| THE PROBLEM |
Copy everything in the records, character for character, except images.

__________________________________________________

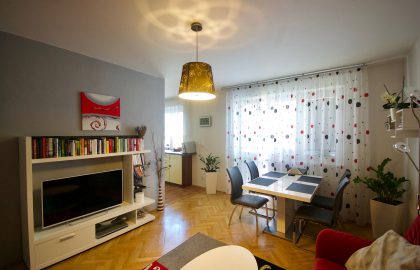 למכירה דירה יפהפיה בפראג 5 בגודל 71 מ"ר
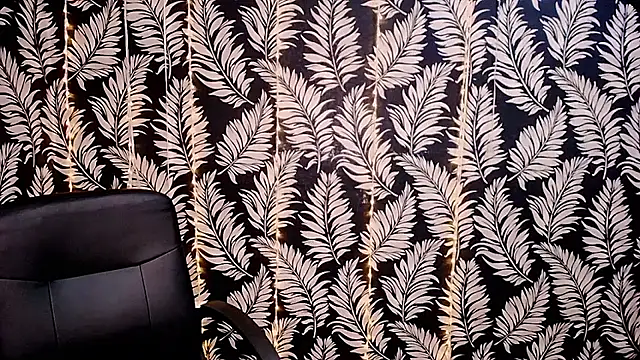 Olivia playful online show from 12, 3, 2026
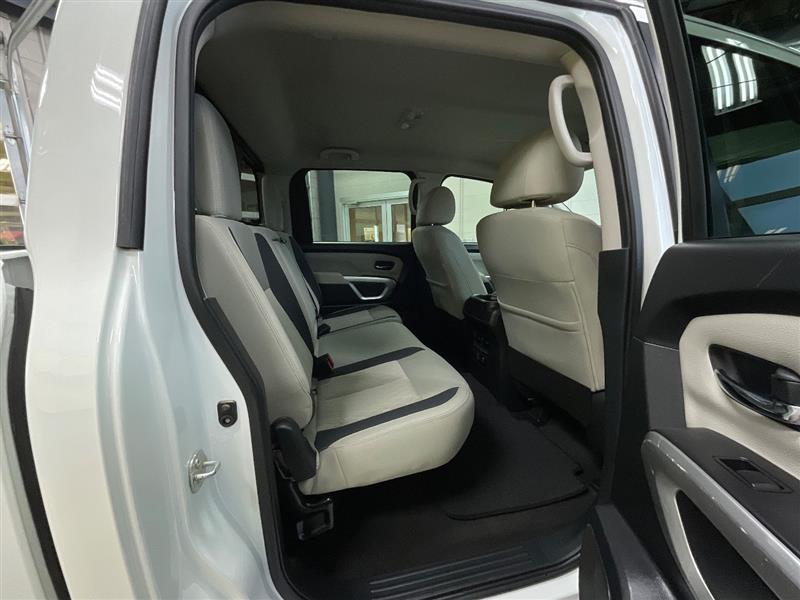 2021 NISSAN TITAN SV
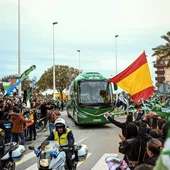 La afición del Elche, en el recibimiento al autobús en el partido ante el Mallorca. La afición del Elche, en el recibimiento al autobús en el partido ante el Mallorca.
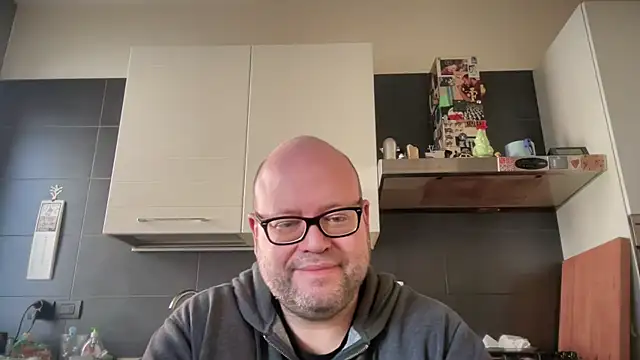 Snapshot of theitalianbear chatting on 10, 2, 2025 theitalianbear online show from 10, 2, 2025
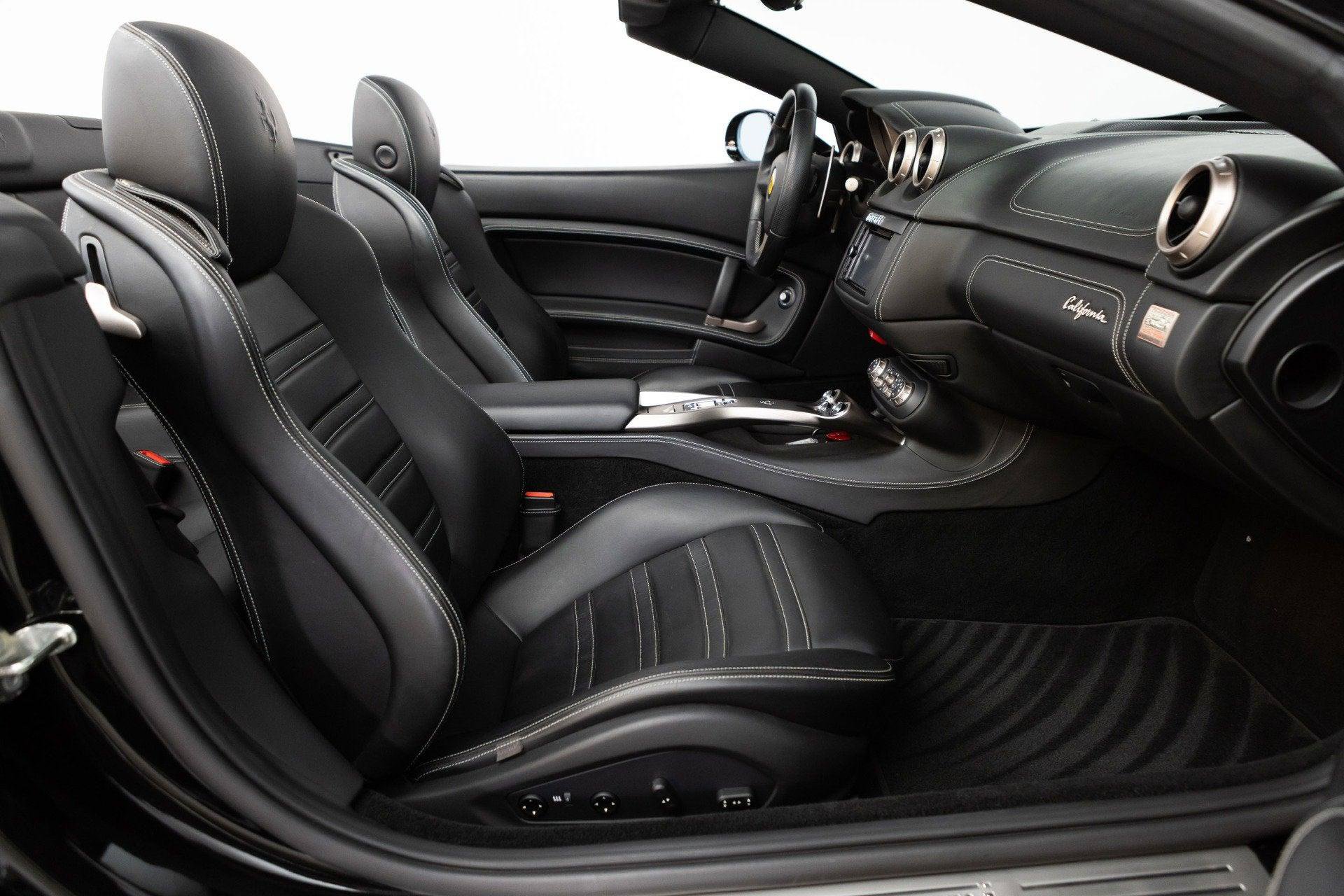 Used 2010 Ferrari California RWD image 61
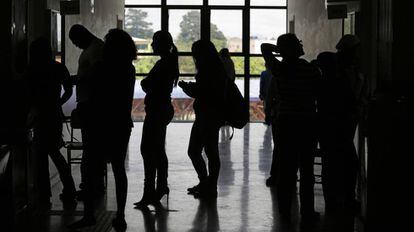 Fila de eleitores em um colégio eleitoral em São Paulo, no dia 2 de outubro.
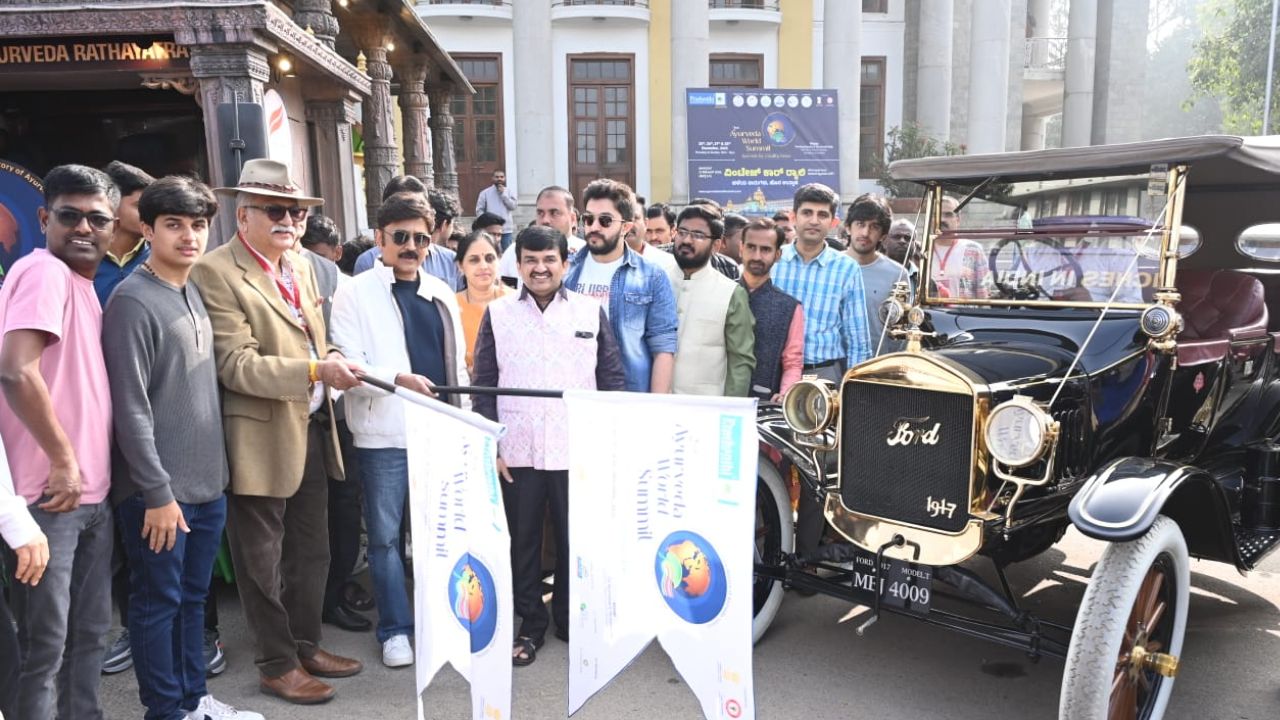 ಬೆಂಗಳೂರಿನಲ್ಲಿ ವಿಂಟೇಜ್‌ ಕಾರ್‌ ರ‍್ಯಾಲಿಗೆ ನಟ ರಮೇಶ್ ಅರವಿಂದ್ ಚಾಲನೆ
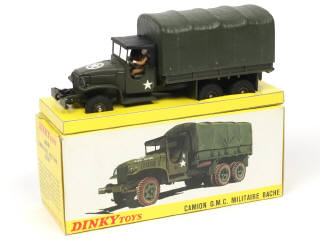 Lot 504 - DINKY TOYS (FRANCE) (1)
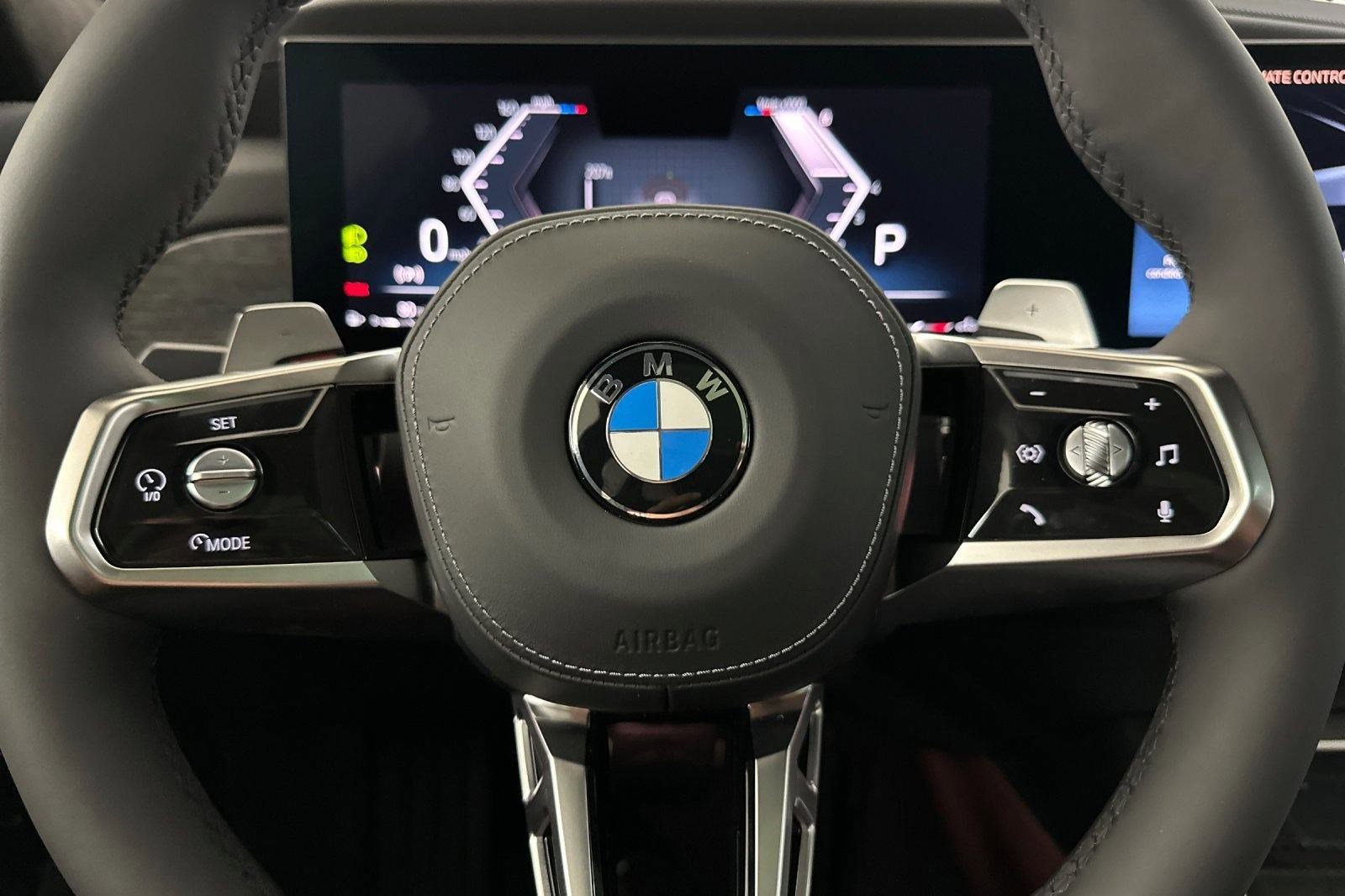 New 2026 BMW 760i xDrive image 16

__________________________________________________

| EXPECTED OUTPUT |
 למכירה דירה יפהפיה בפראג 5 בגודל 71 מ"ר
 Olivia playful online show from 12, 3, 2026
 2021 NISSAN TITAN SV
 La afición del Elche, en el recibimiento al autobús en el partido ante el Mallorca. La afición del Elche, en el recibimiento al autobús en el partido ante el Mallorca.
 Snapshot of theitalianbear chatting on 10, 2, 2025 theitalianbear online show from 10, 2, 2025
 Used 2010 Ferrari California RWD image 61
 Fila de eleitores em um colégio eleitoral em São Paulo, no dia 2 de outubro.
 ಬೆಂಗಳೂರಿನಲ್ಲಿ ವಿಂಟೇಜ್‌ ಕಾರ್‌ ರ‍್ಯಾಲಿಗೆ ನಟ ರಮೇಶ್ ಅರವಿಂದ್ ಚಾಲನೆ
 Lot 504 - DINKY TOYS (FRANCE) (1)
 New 2026 BMW 760i xDrive image 16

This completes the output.